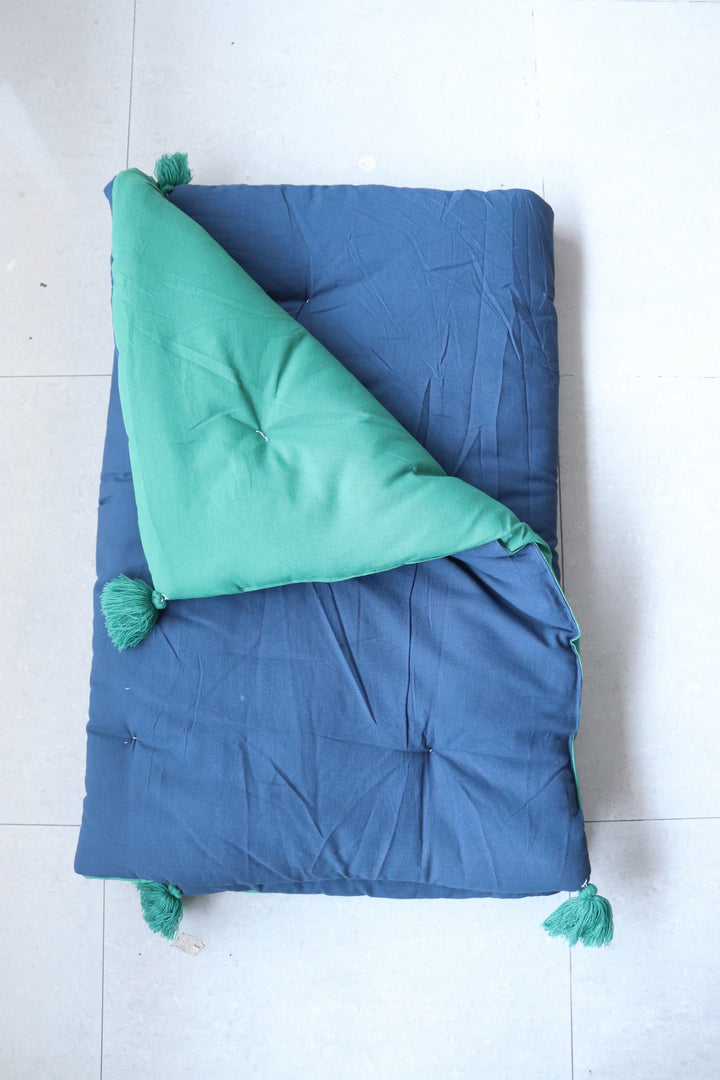Reversible Floor mattress - Large floor cushion - 3 x 6 feet - Dark blue and Green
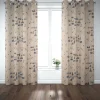 Dekostoff Halbpanama Leinenlook Nordic Town Scandi Häuser Tannen natur blau 1,40m Breite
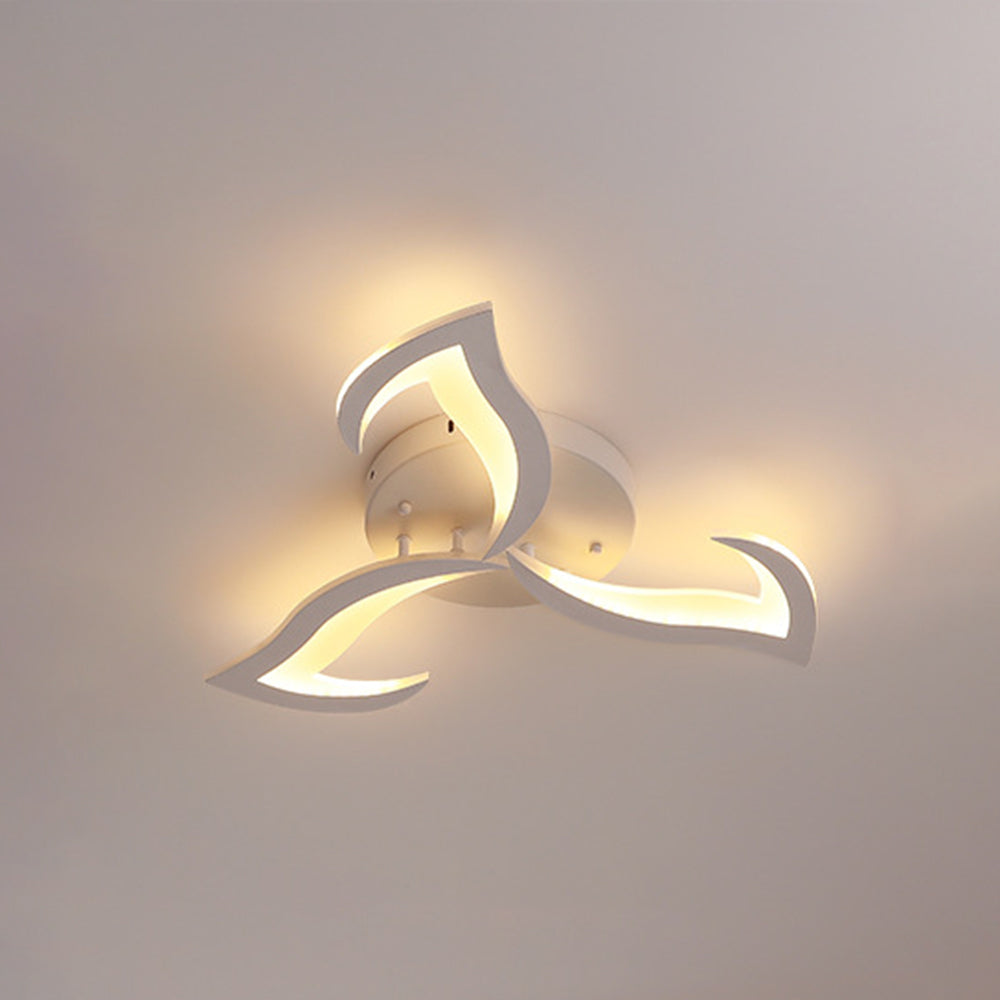 Arisha Elegant Flower Flush Mount Ceiling Light, White/Black - Neutral Decor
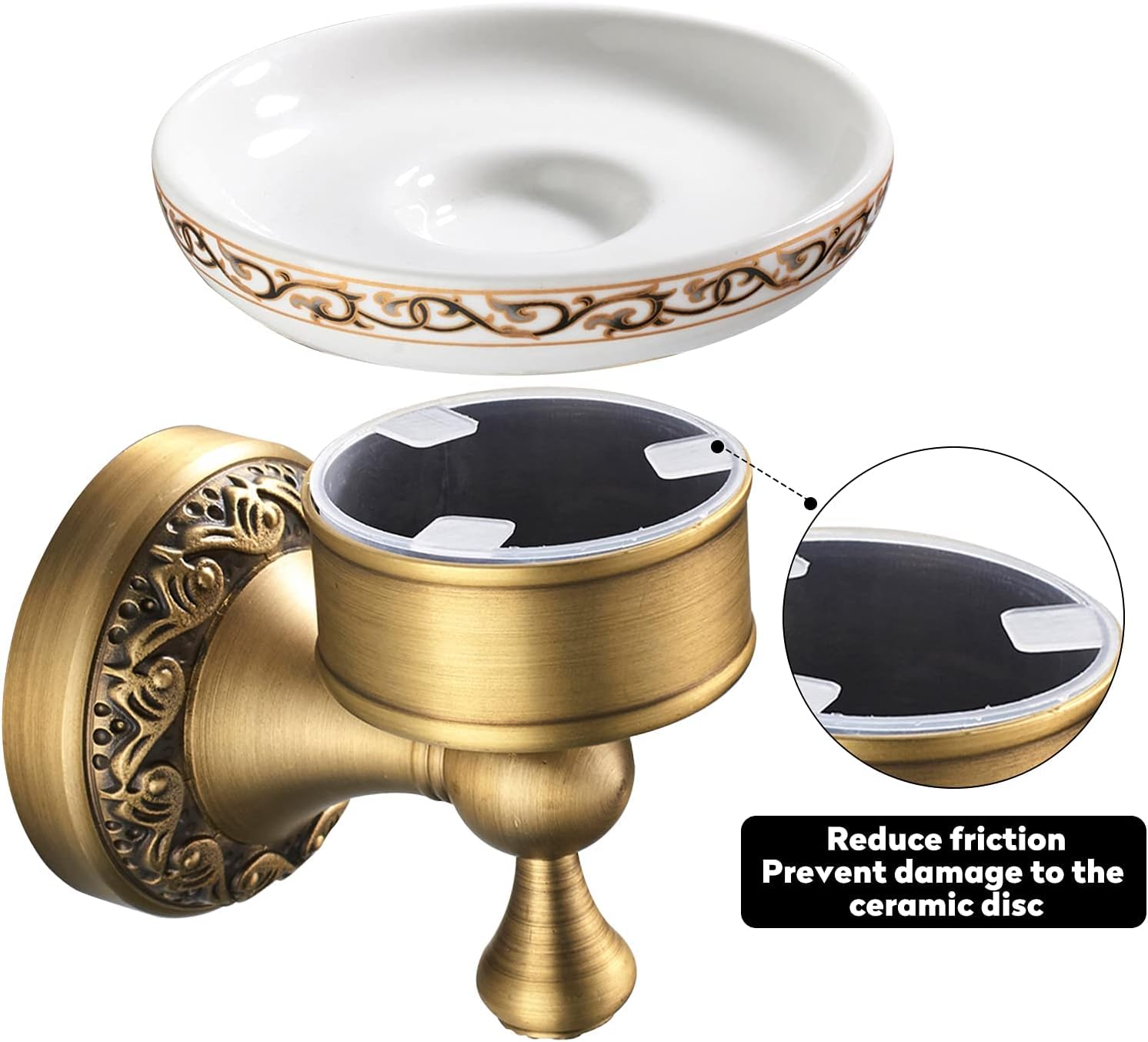 Antique Brass Dish Soap Holder Luxury Art Engraved Wall Mount Bathroom Hardware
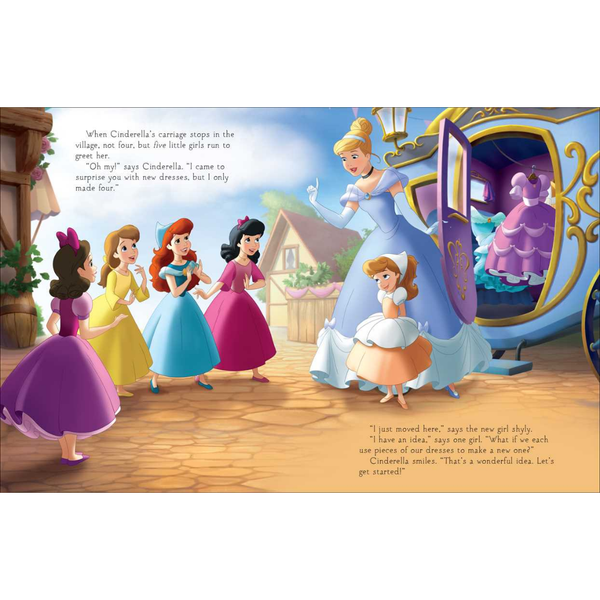 Illustration of Disney princesses in a storybook setting with a coach and castle.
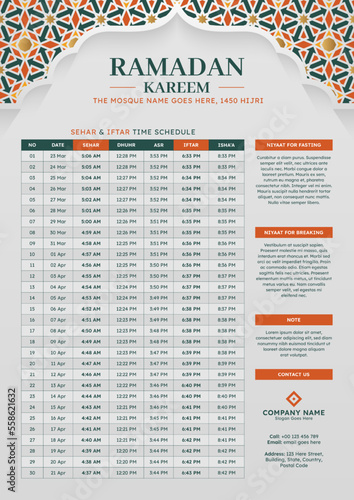 Ramadan Kareem Hijri Arabesque Calendar Template Design photo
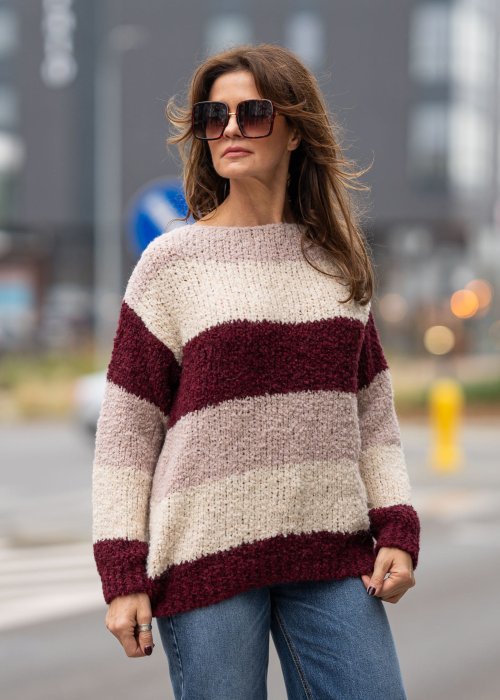 Sweter Caro beżowo-bordowo-różowy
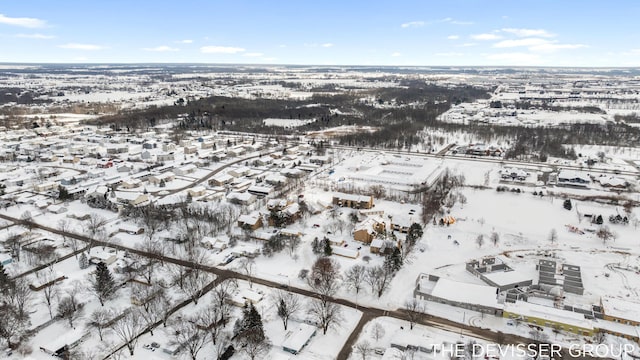 view of snowy aerial view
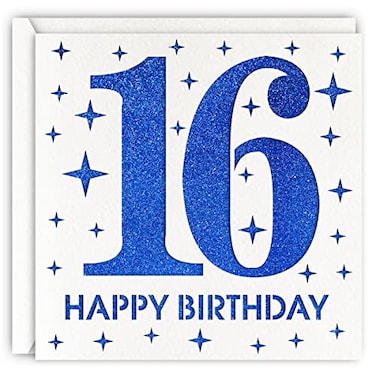 MAGJUCHE Blue 16th Birthday Card Laser Cut Glitter Girl Boy Age 16 Gift For Daughter Son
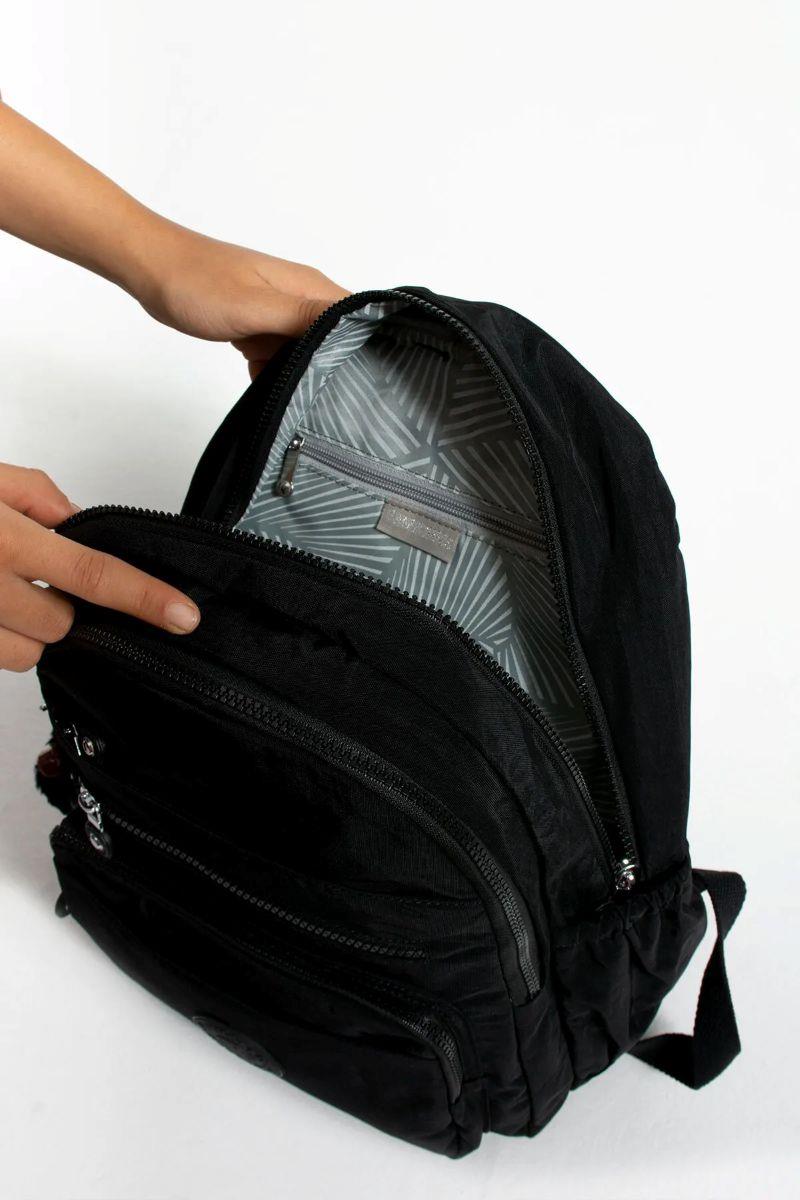 Sanmorris Unisex Suya Dayanıklı Kumaş Çok Gözlü Laptop Bölmeli Orta Boy Seyahat ve Okul Çantası SİYAH — görsel 4
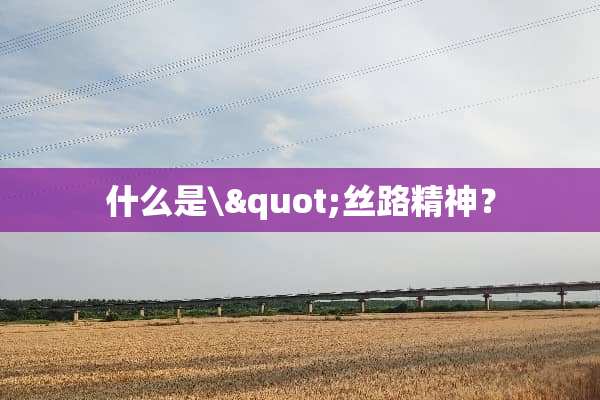 什么是\"丝路精神？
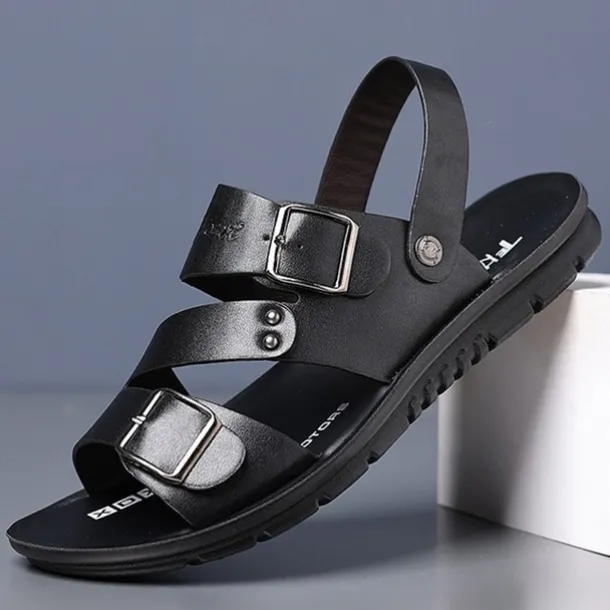 Men's Faux Leather Sandals with Double Buckle Straps – Comfortable Non-Slip Casual Summer Footwear for Outdoors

══════════

Each line from the one containing "MAGJUCHE Blue 16th" to the final line of the data must be printed exactly, both included, with nothing else and no pictures.

 MAGJUCHE Blue 16th Birthday Card Laser Cut Glitter Girl Boy Age 16 Gift For Daughter Son
 Sanmorris Unisex Suya Dayanıklı Kumaş Çok Gözlü Laptop Bölmeli Orta Boy Seyahat ve Okul Çantası SİYAH — görsel 4
 什么是\"丝路精神？
 Men's Faux Leather Sandals with Double Buckle Straps – Comfortable Non-Slip Casual Summer Footwear for Outdoors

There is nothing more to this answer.